A diferencia de otras asignaturas, Shorashim fomenta que los estudiantes sean protagonistas activos y no meros receptores pasivos de información. El conocimiento se vuelve concreto y significativo cuando los niños preparan jalá para Shabat, cuando entran a la sucá con entusiasmo, cuando escuchan el sonido del shofar en Elul o cuando realizan maasim tovim para ayudar a quienes lo necesitan. Cada una de estas vivencias actúa como una chispa que conecta el pasado con el presente y siembra en ellos una identidad judía fuerte y firme, que permanecerá intacta a lo largo de sus vidas.
En este proceso formativo, mis alumnos también se convierten en mis maestros. Sin intención o –incluso– conciencia, me muestran que vivir el judaísmo va mucho más allá de cumplir con instrucciones o rituales; implica sentirlo con un corazón abierto y puro.
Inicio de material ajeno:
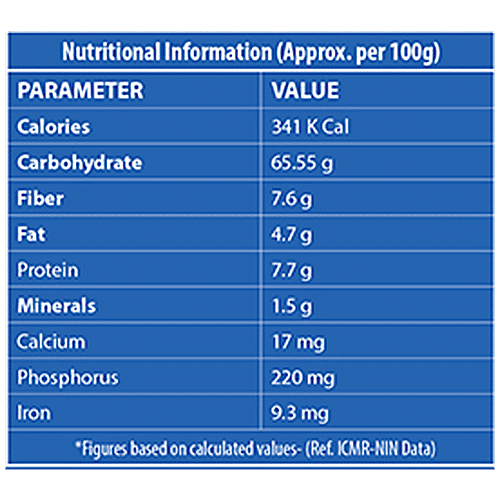 EatMillet LIttle Millet Idli Rava, 500 g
En sus juegos, en la manera espontánea en que me cuentan cómo festejan un jag en casa con sus familias o en la emoción con la que dicen tefilá cada viernes, me enseñan que la verdadera educación judía no se limita a las paredes de la kitá. Incluso como morá, sigo siendo alumna, aprendiendo diariamente de su entusiasmo, de su mirada sincera y de la pureza con la que viven lo que aprenden.
Dentro del colegio, realizamos las festividades de forma que los niños puedan literalmente saborearlas, olerlas, cantarlas y celebrarlas con todos sus sentidos. Al salir de la escuela, estas experiencias se trasladan al entorno familiar, donde los alumnos se convierten en pequeños embajadores de la tradición, contagiando a sus familias el calor y la luz que representa cada jag. Así, la educación no queda relegada a la kitá, sino que se convierte en un puente que atraviesa generaciones, fortaleciendo los lazos comunitarios y familiares.
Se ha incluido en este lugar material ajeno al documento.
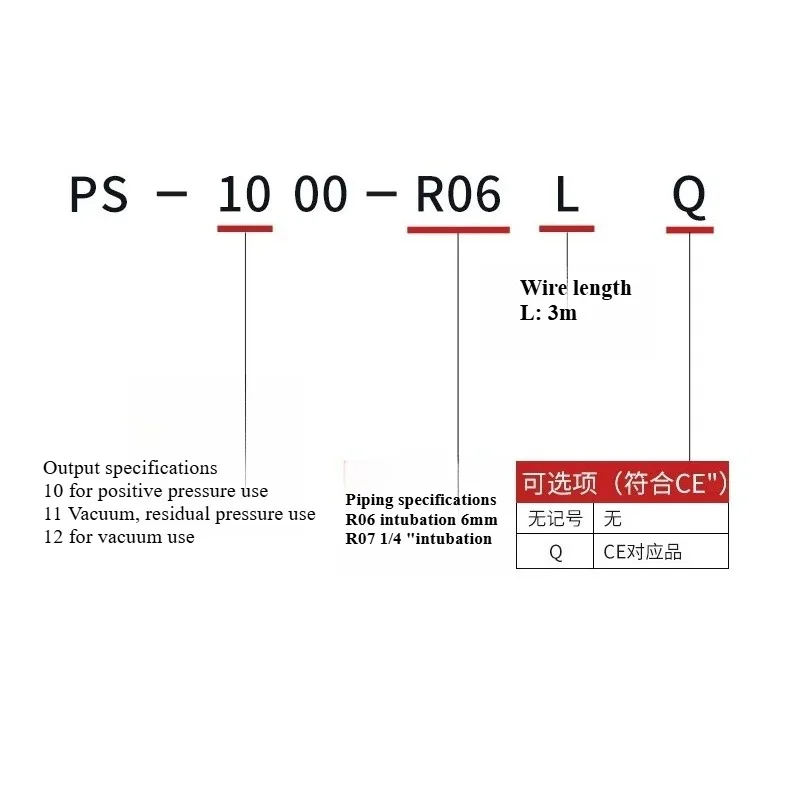 Suitable for SMC Type Microelectronic Vacuum Pressure Switch Positive Pressure PS1000-R06L Vacuum Negative Pressure PS1100-R06L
Cuando se acerca un jag, no nos limitamos a estudiar sus mitzvot y costumbres, sino a descubrir su esencia más profunda. Enseñamos a los niños a comprender que el judaísmo más que un conjunto de actos o normas, es un sistema de significados que responde al “porqué” de cada práctica. Este entendimiento los forma como estudiantes preparados y como seres humanos más sensibles, con mayor capacidad de conexión y compromiso tanto con su herencia espiritual como con el mundo que los rodea.
Comprendí que la educación judía no es un camino solitario que transita solo el maestro o el alumno, sino un recorrido compartido, un diálogo constante y una coaprendizaje que enriquece a todos los que participan. Cada sonrisa que surge en la kitá, cada pregunta curiosa y cada gesto sincero de mis alumnos me recuerdan que no únicamente soy yo quien enseña. Ellos, con su inocencia y la pureza con que viven el judaísmo, se convierten en mis verdaderos maestros. Me muestran que enseñar y aprender son dos caras de la misma bendición y que cada día en la kitá es una oportunidad para crecer juntos.
Como dice el Talmud en el Tratado de Ta’anit 7a: “Más que lo que el maestro le enseña al alumno, el alumno le enseña al maestro”. Esta enseñanza se convierte en la base fundamental de mi vocación y me impulsa a continuar entregando mi corazón en cada clase, sabiendo que el verdadero valor de la educación judía es ese intercambio espiritual que transforma el alma de quienes participan en ella.
“En Shorashim vivimos un auténtico intercambio generacional y espiritual, donde todos crecemos, desarrollamos nuestra identidad y nos transformamos juntos”.